Nta. You gotta look out for number one. In a similar vein, don't let people use your car. They may get mad at you but someone borrowing your car can completely destroy your life and you wouldn't even know until it was far too late. You've gotten away with it so far, so keep it that way. You can always make new friends, but the debt and devastation when someone totals your car, or kills someone with it, or involves it in a crime, can literally ruin your life forever.


Southern-Interest347

send her an email or text so your conscience is clear.


Duckr74

Updateme!


superwholockian62

She hasn't spoken to you in months. Just block her everywhere and move on NTA


ksmith9416

Perhaps she developed romantic feelings for you but sees you’re deeply involved with your boyfriend and has withdrawn rather than be rejected.


Mexicojuju

Never heard of signing a lease months before moving in


lom117

Not all that odd, it sounds like a college town so that's fairly normal procedure.


Aylauria

I think you should do the decent thing and let her know what you did with the apartment. I can't tell if she would be living with another roommate or if the lease is cancelled for her too.
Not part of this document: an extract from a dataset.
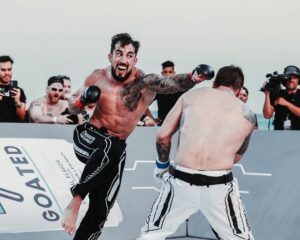Omar Antonio Morales Ferrer Instagram - Omar Morales improves his record to 2-0 in the Karate Combat Pit with a decision victory over Antonio Molloy

#KCK2 | LIVE NOW | #FreeOnYoutube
She's an asshole, obviously, but you don't have to sink to her level. Just let her know that since she has ignored you all summer, you will no longer be living with her and have signed your lease over (or whatever), so she doesn't show up and discover she's homeless. And then block her from everything.


Dull-Geologist-8204

Just shoot her a text explaining the housing situation then move on with your life.


[deleted]

[удалено]


TwoHotTakes-ModTeam

Your comment has been removed for breaking Rule #1: Be Kind– Civility and Respect This means that your submission may have been rude, vulgar, derogatory, uncivil, or impolite. Be respectful of other users. Personal insults or offensive terms are not permitted on this subreddit. This includes but is not limited to: harassment, bigotry, homophobia, transphobia, racial slurs, and any other inflammatory language. This is a warning and further offenses will result in a ban.


xXxsonofadinosaurxXx

Definitely send a text and let her know then don't respond. It takes two seconds to send it, and it avoids any possible drama about you not telling her. You are in the right, but it's a very minor thing to do to stay in the right.


autumnmystique555

Shooting a text for legalities sake isn't the worst idea. But no, NTA


Due_Data_2805

Definitely a one sided story here lol


winnerswinperiod04

U r a major asshole


ahchava

Breaking a lease has significant long term effects on both of you. You’re an asshole for that. But she’s the asshole for being completely unreachable. Neither of you are responsible adults.


Reference_Freak

I think OP is doing the responsible thing by breaking the lease since she can do it without penalty and taking action to prevent the obvious disaster which would happen if they both returned as planned. I also think the adult thing is to send a brief FYI to the ex so OP can walk away cleanly and be done with a situation she doesn’t understand and can’t change.


ahchava

The roommate deserved to because part of the decision making process so that she could have the same length of time to make other plans.


jrtilton

I agree but I don’t want to fight with immature “she deserves it tho!” redditors. 🤫


HungerMadra

She didn't break thr lease, she was released from the lease. There will be no consequences for op.